Thursday, March 20, 2008

Water and sanitation

Water and sanitation
By Editor
Thursday March 20, 2008 [03:00]

Every year, unsafe water and lack of basic sanitation and hygiene claim many lives of our children under five years old from diarrhoea. This tragic reality underscores the need for us to commit ourselves to meeting the Millennium Development Goal of water and sanitation – to halve, by 2015, the proportion of our people without sustainable access to safe drinking water and basic sanitation.
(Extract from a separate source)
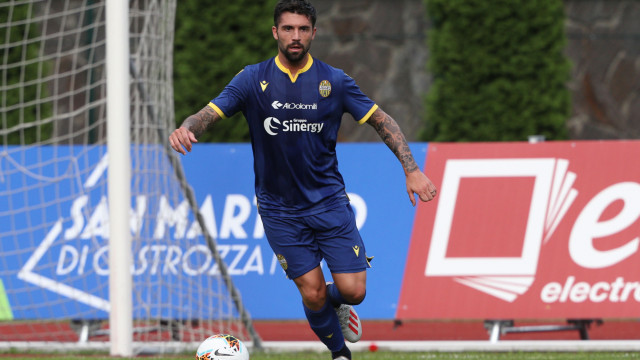 HELLAS VERONA-PRIMIERO. AMICHEVOLE 14-07-2019. SILPRESS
But those who die are no means the only children affected. Many more have their development disrupted and their health undermined by diarrhoea or water-related diseases.

In all, many of our people do not have access to drinking water from improved sources, and many are without basic sanitation – yet these foundations for healthy living are taken for granted by the majority of our people. And as local government and housing minister Sylvia Masebo has observed, many of our people don’t feel comfortable to discuss the topic of water and sanitation or toilets.

These issues often make some of our people uncomfortable. Even the media’s coverage of these issues is relatively very low.
Water and sanitation are vital in themselves, but they are also key prerequisites for reducing child and maternal mortality and combating diseases.

They are also key to reducing child under-nutrition and achieving universal primary education. Girls, especially, are likely to spend more time in school when they spend less time fetching water and when adequate sanitation facilities are available on school grounds.

The benefits of improved drinking water and sanitation are evident and could be extended to so many more of our people, if only sufficient resources and resolve were dedicated to the task.

It is hard to think of a more potent reason to redouble our efforts than the thought of the many of our children, who every year, will not live to see their fifth birthday.

Water is as fundamental to human life as the air we breathe. Yet, ironically, this essence of life can have an injurious impact if its source is not free from pollution and infection – and the most likely pollutant is human faeces that have not been disposed of and have spread because of lack of basic sanitation and hygiene.

Young children are more vulnerable than any other age group to the ill effects of unsafe water, insufficient quantities of water, poor sanitation and lack of hygiene. Lack of safe water, sanitation and adequate hygiene contribute to the leading killers of our children under-five, including diarrhoea diseases, pneumonia, neo-natal disorders and under-nutrition.

Those children and adults who depend on water from unprotected dug wells, rivers, lakes or streams for drinking are at risk of infection from waterborne diseases if sanitation is poor. Too few of our people enjoy the safety and convenience of having water that has been treated under managed conditions and piped into their homes or compounds.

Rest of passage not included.